Buffy the Vampire Slayer
One of the reasons it took me years to give Buffy a try was that its vampires looked boring, and let's face it, as a race of beings, they are. They hearken back to an older "Dracula" model of vampire defined by being "evil, soulless things," who prey on humans and delight in nastiness. The series manages to be brilliant in spite of this because it's not about the vampires; it's about the Slayer.
However, it has some notable vampire characters, mainly Angel and Spike and, by extension, Darla and Drusilla. As a typically incestuous vampire family (see the hilarious
"I'm My Own Grandpa" vid), their dynamics accomplish some of the usual questioning of human social roles. Perhaps the most interesting psychological question to emerge out of Buffy's vampires, however, is the relationship between personality and morality. When someone becomes a vampire they lose their "soul" (i.e. their conscience/drive toward good) but otherwise retain their native personality. Thus, soulless Angelus is the "Scourge of Europe," a strong, driven leader with a penchant for careful planning, and soul-having Angel is the "Champion of the People," a strong driven leader with a penchant for careful planning. Soulless Spike, on the other hand, is mainly driven by interpersonal love, while souled Spike is mainly driven by interpersonal love.

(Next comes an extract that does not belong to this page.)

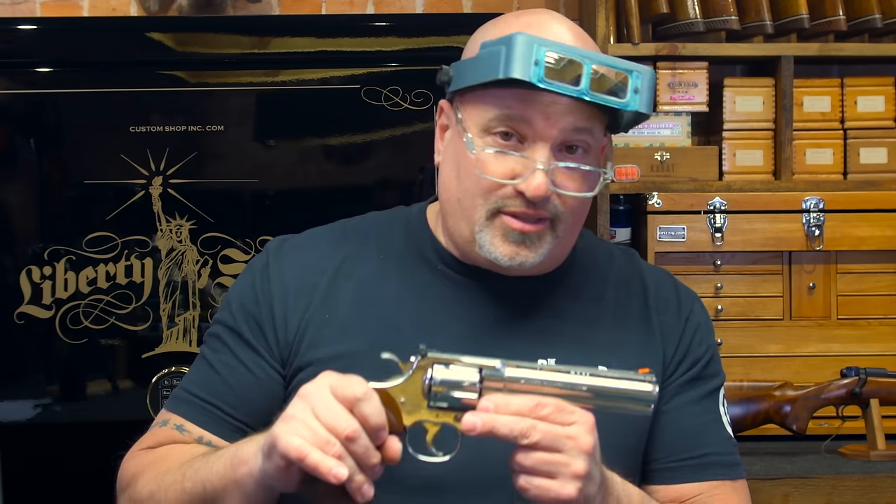Hey everybody, thank you for watching. We would like to know here at The Custom Shop — what is your favorite revolver? If it's a Colt, that's great. If it's a Smith & Wesson or something else, let us know what it is. Please hit that button and subscribe, and until then, we'll see you with another video.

The effect is eerie and calls into question the nature of selfhood. The early Buffy seasons argue that when a person is vamped, a demon moves in and the original person is gone. Later seasons, older Buffy herself, give up on this comforting fairytale. Rather, it seems, the person remains... but evil. That we could have our goodness stripped from us and yet, in some sense, still be ourselves--that our goodness is not essential--is a frightening thought, with real-world applications to brain injury, for example. This unsettling exploration of self and morality is Buffy's greatest contribution to vampire lore.
Twilight
I have neither read nor seen Twilight and know only what I have picked up from a good amount of reading about it and from various film clips, etc., so my thoughts should be taken with a large grain of salt: I may be unaware of hidden depths. But I find the main thrust of Twilight annoying because it seems to do exactly the opposite of what good vampire literature is best at: challenging cultural assumptions.

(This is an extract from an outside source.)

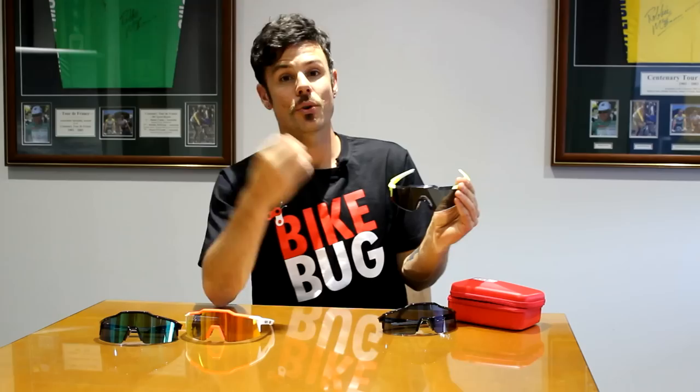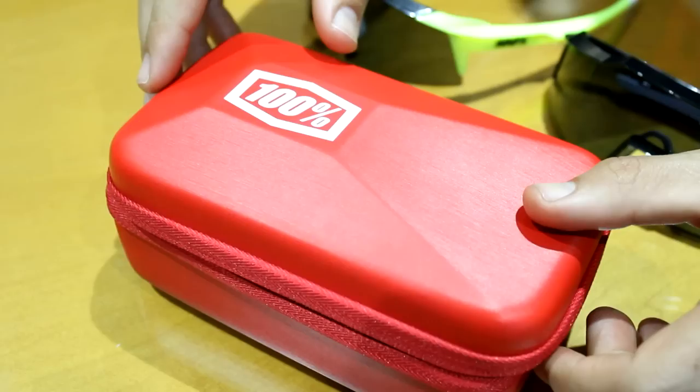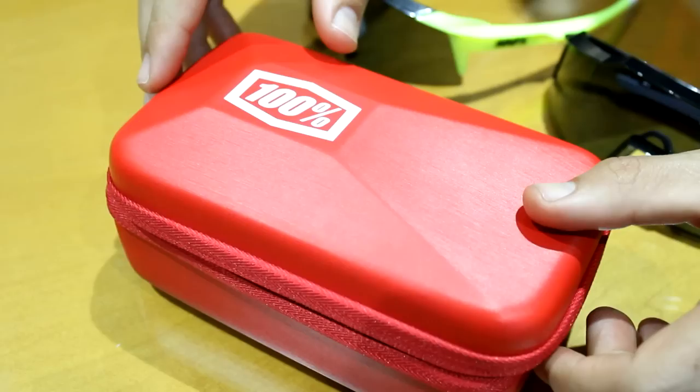When you buy a pair of 100% Speedcraft sunglasses, you get plenty of extras: an extra nose piece, a soft case, and an additional low light lens, which also features the interior anti-reflective lens surface. It all comes in a nice hard case, which is perfect for travel.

Instead, its central narrative seems intent on reinforcing the most dominant of dominant narratives our culture has produced: girl meets boy; boy is sexy and dangerous; girl is in danger; sexy, dangerous boy protects girl; drama ensues, and they end up falling in love, getting married, having a baby, and living happily ever after. I'm not sure what the point of this is. Or to be more precise, I'm not sure if there is any redeeming social value to this. If anyone cares to comment, I am always glad to learn more about it.
I don't believe that vampire lit is an exhausted field by any means; it simply requires creativity to keep reinventing itself. And while I don't read vampire lit just for the sake of reading vampire lit, I am always open to being swept up in the next thought-provoking reinvention.
(Thanks to
meganinhiding, whose vampire musings spurred me to stop putting off writing this post.)